(RAW DATA begins)

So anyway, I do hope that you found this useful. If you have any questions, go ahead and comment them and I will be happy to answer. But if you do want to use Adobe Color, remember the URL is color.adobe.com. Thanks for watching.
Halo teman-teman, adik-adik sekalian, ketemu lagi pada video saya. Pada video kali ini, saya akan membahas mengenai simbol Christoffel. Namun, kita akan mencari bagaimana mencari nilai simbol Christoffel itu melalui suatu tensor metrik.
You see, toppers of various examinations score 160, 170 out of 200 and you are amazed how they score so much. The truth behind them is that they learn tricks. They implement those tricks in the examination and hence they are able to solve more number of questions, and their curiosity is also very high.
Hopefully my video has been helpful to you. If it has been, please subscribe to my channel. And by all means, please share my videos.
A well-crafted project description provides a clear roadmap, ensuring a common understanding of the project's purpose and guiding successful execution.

(RAW DATA ends)
(RAW DATA begins)

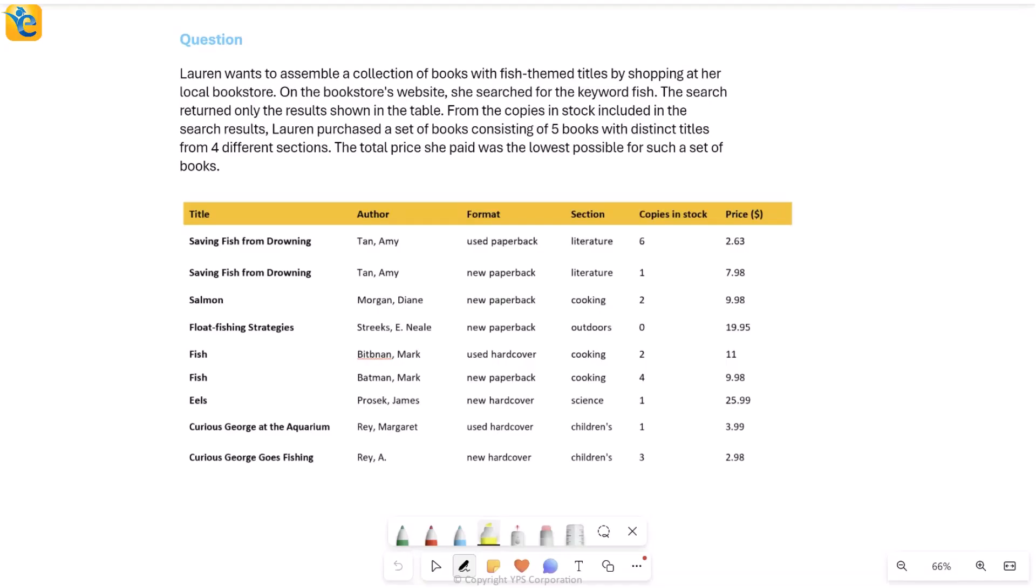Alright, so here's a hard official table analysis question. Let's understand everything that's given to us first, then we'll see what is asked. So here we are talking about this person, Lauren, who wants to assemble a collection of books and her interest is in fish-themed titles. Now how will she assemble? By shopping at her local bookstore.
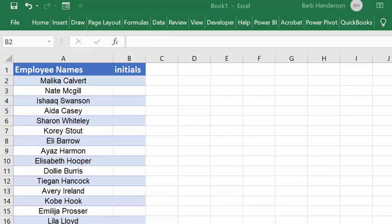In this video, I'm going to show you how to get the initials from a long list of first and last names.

(RAW DATA ends)
(RAW DATA begins)

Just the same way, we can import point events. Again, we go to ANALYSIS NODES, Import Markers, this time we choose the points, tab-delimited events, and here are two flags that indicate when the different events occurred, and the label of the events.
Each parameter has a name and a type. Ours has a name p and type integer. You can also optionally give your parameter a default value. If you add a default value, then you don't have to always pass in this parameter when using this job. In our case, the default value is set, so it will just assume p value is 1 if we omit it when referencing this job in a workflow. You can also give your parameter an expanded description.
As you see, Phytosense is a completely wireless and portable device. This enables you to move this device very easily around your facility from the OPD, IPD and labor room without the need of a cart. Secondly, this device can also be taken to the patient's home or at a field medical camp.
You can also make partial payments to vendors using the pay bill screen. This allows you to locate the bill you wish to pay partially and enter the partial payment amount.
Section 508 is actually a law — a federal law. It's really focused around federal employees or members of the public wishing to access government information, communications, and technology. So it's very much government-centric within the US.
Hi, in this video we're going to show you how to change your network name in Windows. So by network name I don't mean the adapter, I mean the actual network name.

(RAW DATA ends)

◆ **EXERCISE**
Your answer should be the exact lines above from the one with "So anyway, I" through the one with "Hopefully my video", both included, and nothing besides.

◆ **RESPONSE**
So anyway, I do hope that you found this useful. If you have any questions, go ahead and comment them and I will be happy to answer. But if you do want to use Adobe Color, remember the URL is color.adobe.com. Thanks for watching.
Halo teman-teman, adik-adik sekalian, ketemu lagi pada video saya. Pada video kali ini, saya akan membahas mengenai simbol Christoffel. Namun, kita akan mencari bagaimana mencari nilai simbol Christoffel itu melalui suatu tensor metrik.
You see, toppers of various examinations score 160, 170 out of 200 and you are amazed how they score so much. The truth behind them is that they learn tricks. They implement those tricks in the examination and hence they are able to solve more number of questions, and their curiosity is also very high.
Hopefully my video has been helpful to you. If it has been, please subscribe to my channel. And by all means, please share my videos.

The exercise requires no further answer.